Burnett’s tale has a harsh underlying lack of sentimentality, centring around two children who are both, at least initially, intensely unlikeable. Mary Lennox grows up in Imperial India, the neglected child of parents who show her little love and leave her lonely and brittlely introverted. When they both die during a cholera outbreak, she is left for alone in the house for a while before being discovered and shipped off to England in the cold company of the fearsomely dragonish Mrs Medlock. She begins life again in a rambling old Yorkshire mansion on the edge of the moors, the home of Mr Craven, a remote uncle whom she has never met before, and who has no interest in making her acquaintance now that she has come to stay. He is merely doing his duty as an Edwardian gentleman in agreeing to look after her. Left largely to her own devices, and wishing to escape from the stultifying atmosphere of the neglected, labyrinthine house, she explores the grounds and becomes fascinated by a walled garden which seems to have no entrance, and whose existence nobody seems willing to acknowledge. A robin leads her to a buried key, and she uncovers a door when she disturbs a sweep of ivy. The wild garden she discovers within becomes her sacred space of imaginative play, and draws her out of the stubbornly inward, arrogant insularity which has led her to be so dismissively rude towards Martha, the maid, and Ben Weatherstaff, the gardener. These two take on the role of surrogate parents, but her closest companion becomes Martha’s son Dickon, a gentle-spirited local nature boy, who has a tamed fox as a familiar. She lets him into her secret world (and was Kate Bush’s song Under the Ivy maybe drawing out the potential underlying symbolism of this scenario, in an Angela Carter fashion?) and together they set about nurturing the garden back into life.
Back in the house, Mary is disturbed by pained wails winding through the night corridors. Conquering her fear, and dismissing Martha’s denials, she traces their source to a room in which a sickly boy is confined to his bed. He is Colin, the son of Mr Craven, who is apparently afflicted with a deformity of the spine, and believes that he is withering towards an early death. He is a pitiable creature, and no-one pities him more than himself. Sealed in his bedroom universe, he gleans all that he knows of the world from his books. Mary joins him in his bookish explorations, and in turn tries to coax him out into her secret world. She and Dickon entice him with tales of the garden, and when they finally manage to trundle him out to it in a wheelbarrow, he is entranced by the enclosed, magical world. As time and the seasons progress, he begins to regain some of his strength, filled with new vigour as the garden springs into life, as if, under careful tending, he has himself become a part of its perennial growth and renewal. It had been a place beloved of his mother, who had grown roses there. But she had fallen from a favourite perch in a bower and died from resulting complications. The garden subsequently became a dark space, associated with death as well as with a life whose absence was still rawly felt. It was closed off and declared a no-place, erased from the garden’s map; painful memories sealed and buried. Ben Weatherstaff, the archetypally surly, no-nonsense Yorkshire gardener (akin to Geoffrey Smith, a regular on BBC radio 4’s Gardener’s Question Time, which my parents regularly tuned in to) had honoured her last requests and returned to surreptitiously prune the bushes and keep it alive in the form in which he had helped her to create it. But the creeping spread of his rheumatism eventually made of the wall an unscaleable barrier, and the interior grew wild and untamed, more briar than bloom.

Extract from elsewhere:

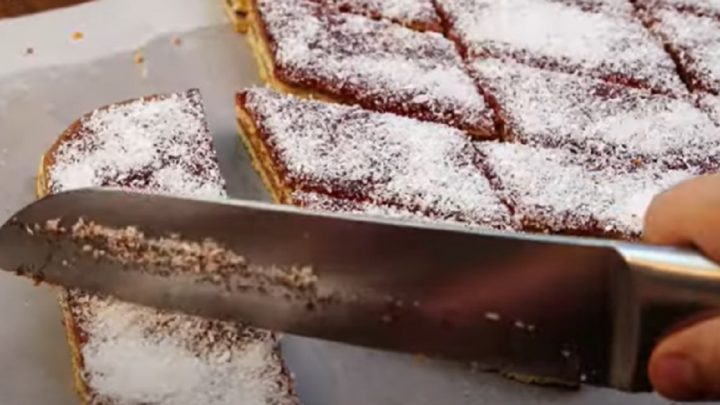 Sušenkové řezy s marmeládou a kokosem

Mr Craven spends much of the story travelling hard across the world, attempting to diminish the continuing pain at the death of his wife through physical distance. But as Colin’s health improves and the garden blossoms, he begins to hear an insistent voice urging him to return home. When he does, he finds the children in the garden, and Colin now able to walk again. His spirit is also transformed by the sight of the garden, his wife’s space which is once more full of the life she sowed in it (her son included), and the crippling melancholia which has for so long weighed heavily upon him begins to lift.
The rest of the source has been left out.